On Sunday 9th February several dozen members of 3CLJC gathered in Gloucester for a wonderful Tu B’Shvat Seder in celebration of Tu Bishvat, the New Year for Trees. Rabbi Anna had done sterling and inspirational work in putting together a specially created Seder order of service, with background history, readings, blessings and symbolic foods. A recently returned member of the community, who is a garden designer and horticulturalist, had lent a touch of magic to the proceedings with lovingly crafted table dressing centrepieces consisting of carefully chosen flowers and foliage, each with a symbolic resonance illuminating both the ethos of the festival itself and wider themes: about the climate crisis and contemporary tragedies, but also hope and resilience.
The service was divided up between some of the community’s young and not so young members. Another member read an initial explanation of the roots of the festival in 16th century Jewish mysticism and Kabbalistic symbolism, while some of the younger participants treated us to amusing parables and Talmudic stories on the theme of trees, ecology and our responsibility for the environment. The Garden Designer explained his choices for the table dressing, and Rabbi Anna oversaw a series of concoctions of red and white grape juice, carefully calibrated to produce multi-hued libations for the four blessings of the service. Each colour represented a different season, which in turn related to a specially curated seder plate of botanical and pomological (look it up!) significance. These included a plate of plants where the inside but not the outside is edible; a plate of plants where the outside but not the inside is edible; a plate where the whole fruit is edible; and a bowl of woody spices that are not themselves edible but which impart joyful flavours and fragrance.
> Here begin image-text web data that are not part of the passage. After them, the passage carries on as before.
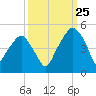Oyster Landing tide chart for Monday, September 25, 2023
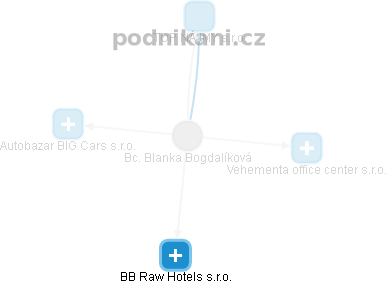 Blanka Bogdalíková - Vizualizace  propojení osoby a firem v obchodním rejstříku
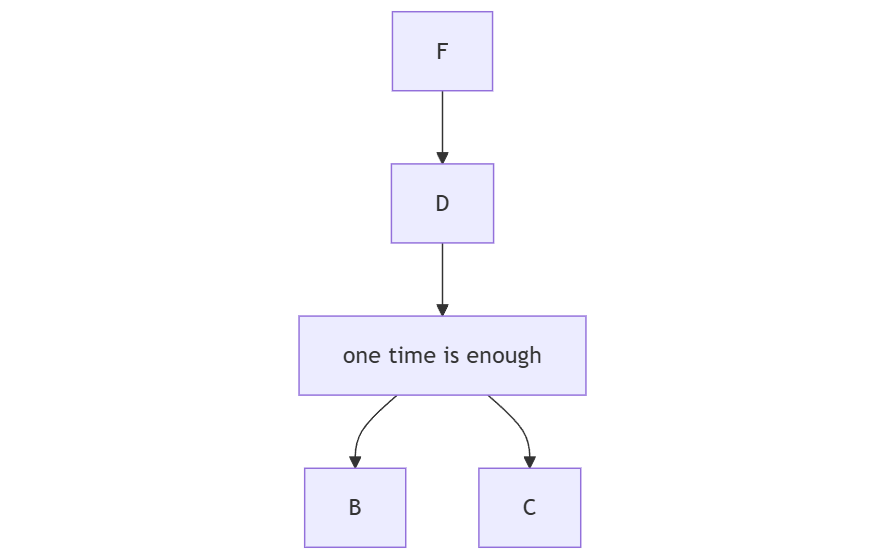 You need just one shape declaration per node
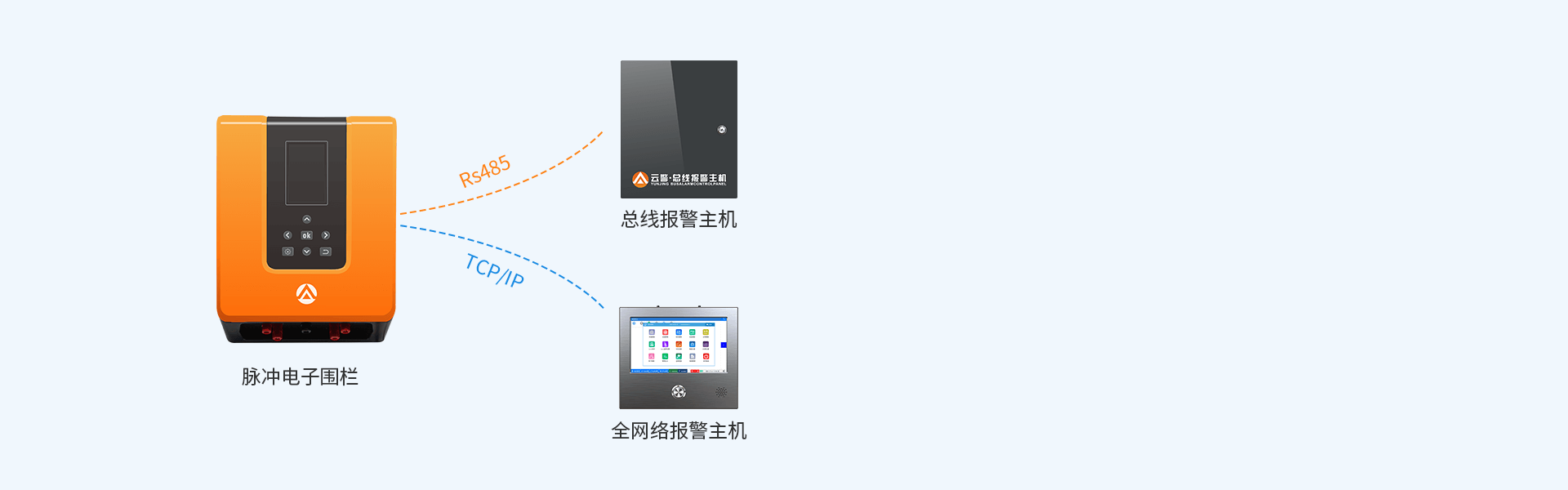 智能型脈沖電子圍欄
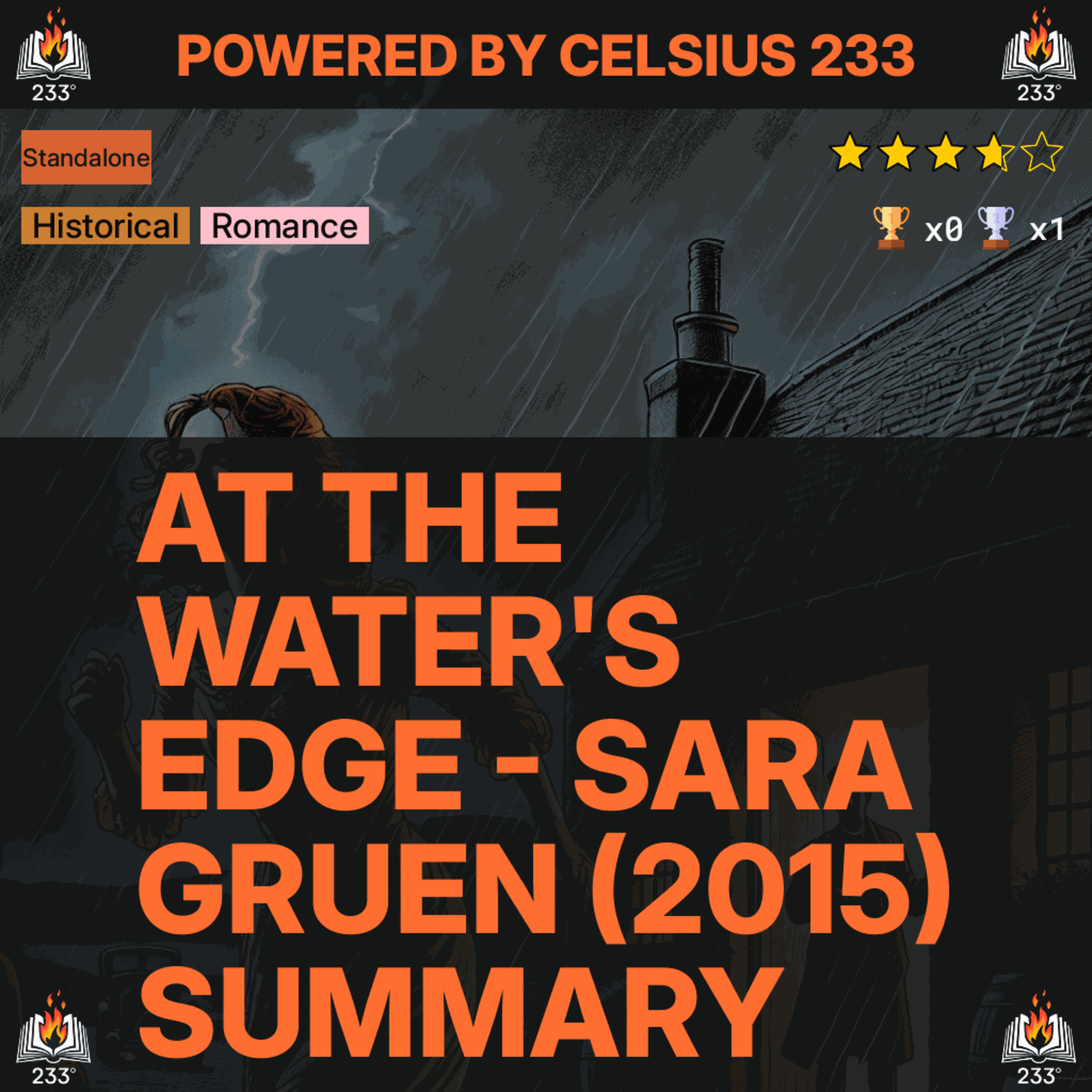 At the Water's Edge - Sara Gruen (2015) Summary - 3.68 ⭐️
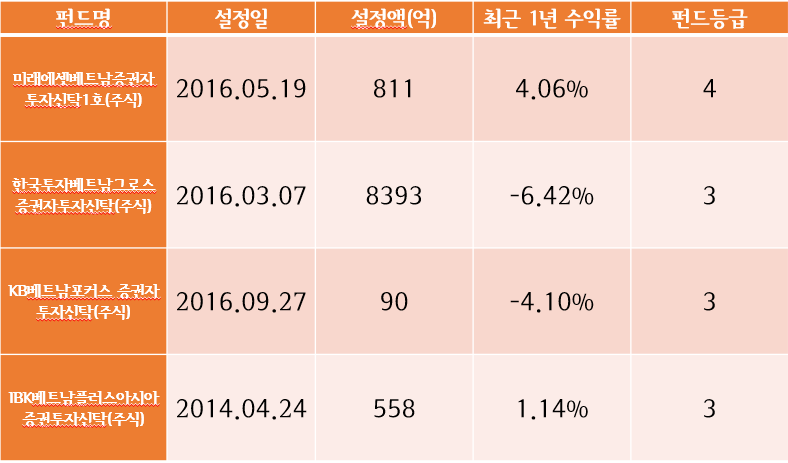 펀드명 정리.png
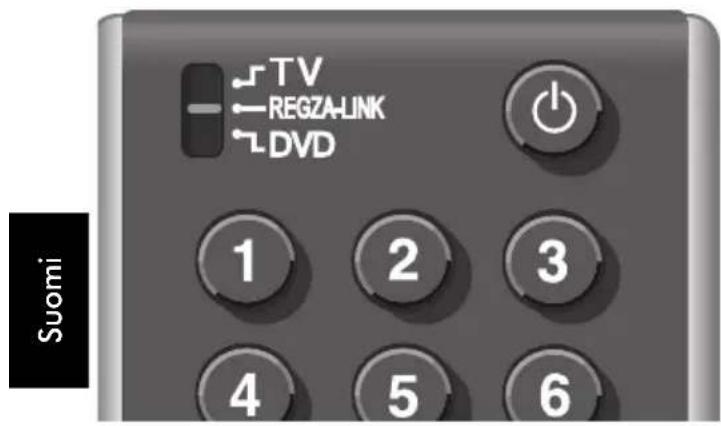 TOSHIBA C3250 - REGZA-LINK-laitteiden hallinta - 1
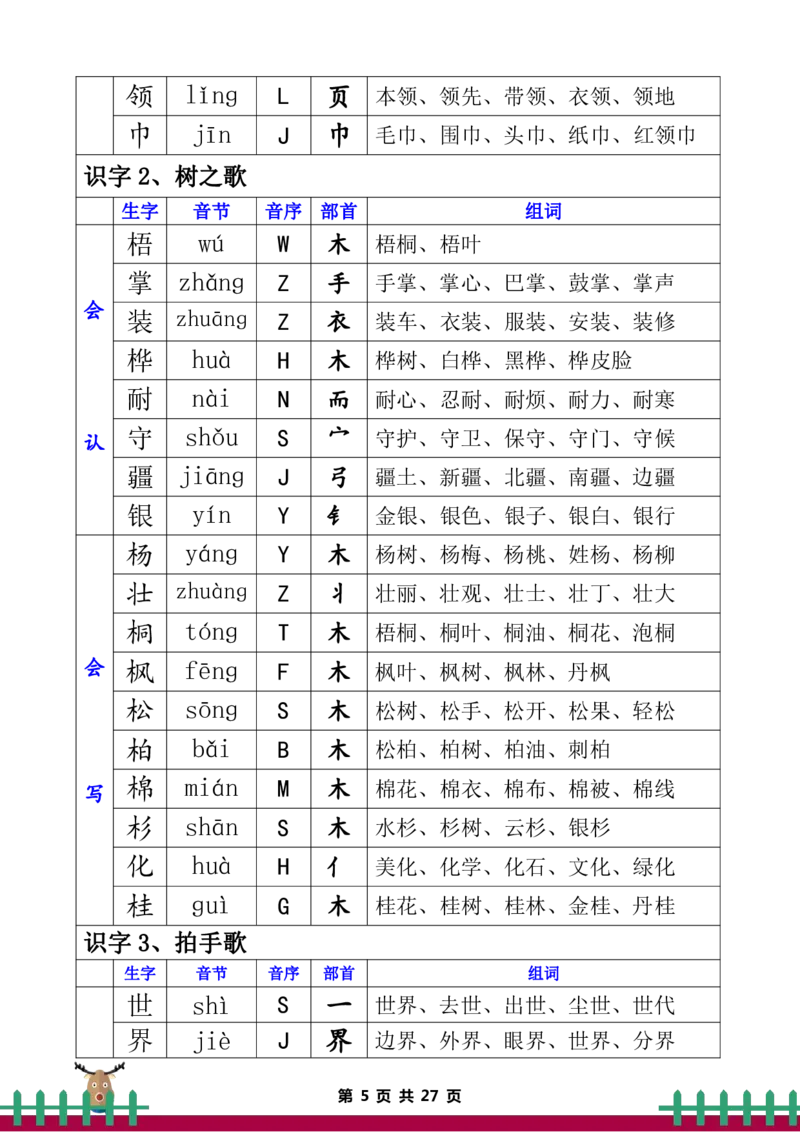 二年级上册语文全册生字组词_二年级上下册资料_小学二年级学习资料-25年更新版_2-01、小学二年级语文上册_2-1-5、字贴、书写、晨读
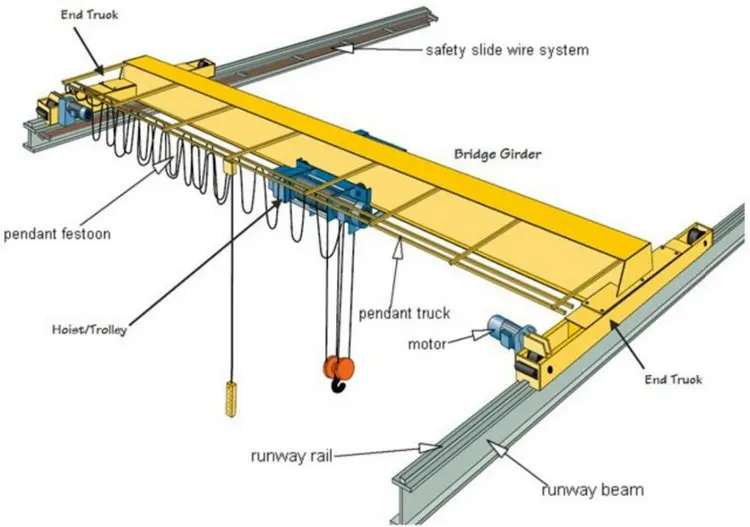 Hot Selling Warehouse Single Girder Overhead Crane 5tons - Buy Electric 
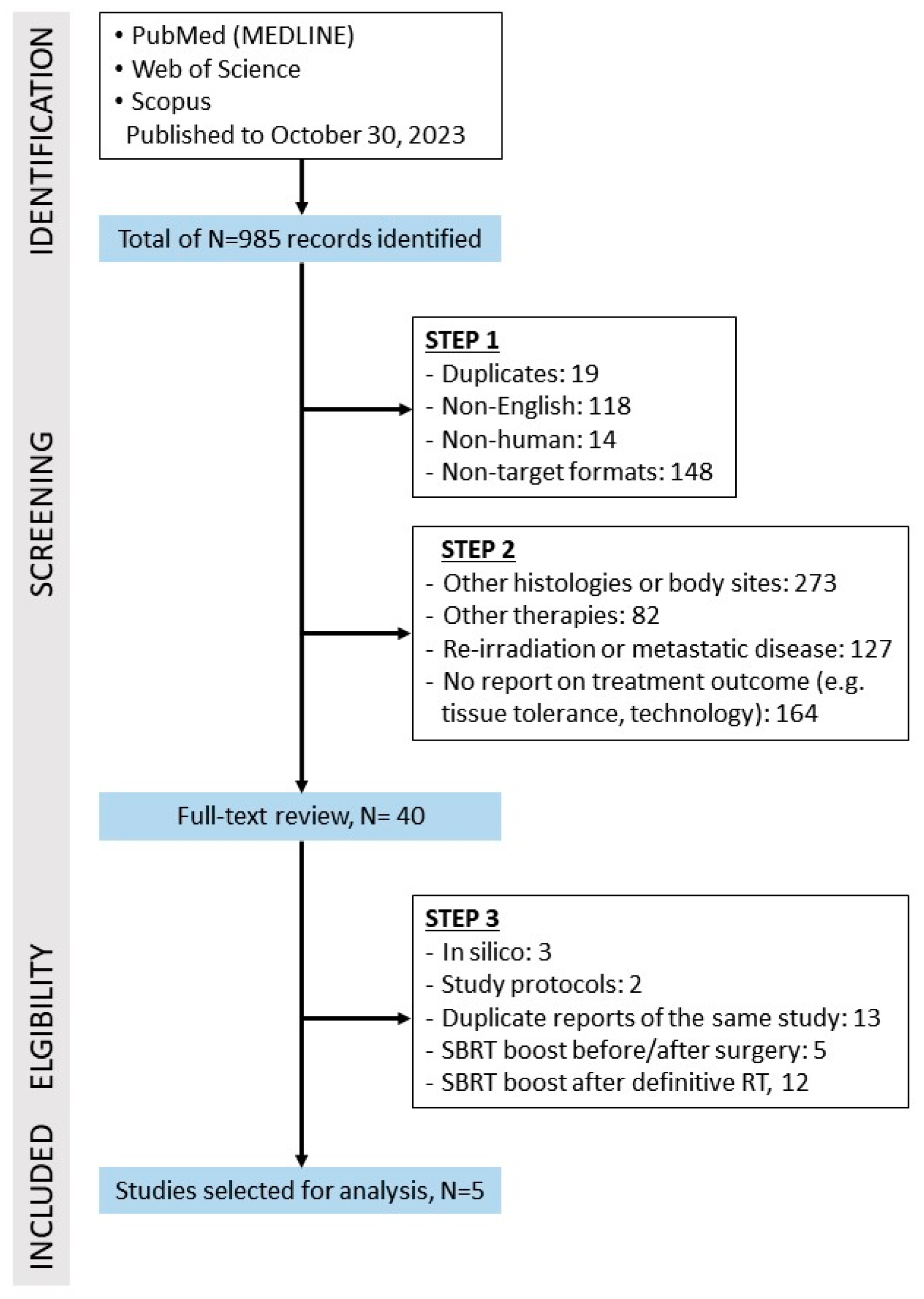 Cancers 16 02096 g001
Each plate, libation and blessing related to one of the four Kabbalistic worlds. Under Rabbi Anna’s careful tutelage, the community navigated through these worlds – and several songs – en route to a delicious shared meal, made up of dishes brought in by members of the community, featuring among their ingredients the edible gifts of many trees and plants.
The meal was rounded off with grace and then everyone piled in to help clear up. Attendees ranged from the very young to the elegantly elderly, and it was remarkable how many new faces joined the celebration, evidence of the good work and warm welcome offered to new members by Rabbi Anna and the rest of the crew. Hopefully all went away cheered by the convivial occasion and bearing in their minds the aphorism that opened the seder: “Rabbi Yohanan Ben Zakai used to say: If you have a sapling in your hand and they tell you ‘The Messiah is coming!’ – first plant the sapling and then go to greet him.”